I built a hood using 420 5mm LED's. It was built to replace 72W of T5's. It's not enough at roughly 20W so I think you'd be struggling with fewer LED's than that, depends on the size of the tank of coarse, mine's 90l. Plants do grow OK but not brilliant.


----------



## joeshmoe (Aug 2, 2006)

three sets of led light should do it well thats what i think


----------



## chahala (Sep 13, 2007)

*Moon lights*

I just did this. I made a 4' X 5" box out of 1/4" MDF and painted it black. The box looks great. So I had some LED Christmas lights around and glues them all around the box. It went around once and down the middle. It doesn't show in the tank like I wanted it to. Anyone ells do this and it work? Any other idea's for the lights. Email me as I just signed up and might not know how to get back to this exact spot yet. LOL

[email protected]

I am in Canada BC


----------



## porksnorkel (Oct 6, 2006)

u can get light strips from hardware stores for t-12 bulbs at fairly cheap $. make sure they are rated for outdoors/wet locations if u do that though. as far a growing plants u will have to step up and spend some money to do it well. if they grow to well u may need c02 injection.


----------



## chahala (Sep 13, 2007)

*Moon lights*

I don't use anything for plants as my Cichlids eat everything. I only have onion plants as they seem to stay away from them. I just want the blue at night when the lights go off. I tried rope lights and that works well. I would just love to get the real ones, but they are expensive. I was trying to find an easy way to do it and cheap.
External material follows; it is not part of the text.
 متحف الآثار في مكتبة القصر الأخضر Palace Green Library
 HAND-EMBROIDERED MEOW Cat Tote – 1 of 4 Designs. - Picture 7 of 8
I have a 90 gallon.

Thanks for any ideas.


----------



## alex_n_linda (Jul 10, 2007)

i made a strip of lights for the night. used 20 5mm led blue lights wired in parallel with 20 resistors. very cheap and easy construction.

Led 100 for 6 bucks-ebay
resistors 20 for 10 bucks- ebay; i only found 1% tol they are the expensive kind only thing they had. 
construction time 2 hours 
night affect-priceless

one of these days i'm going to incorporate them into the light hood.


----------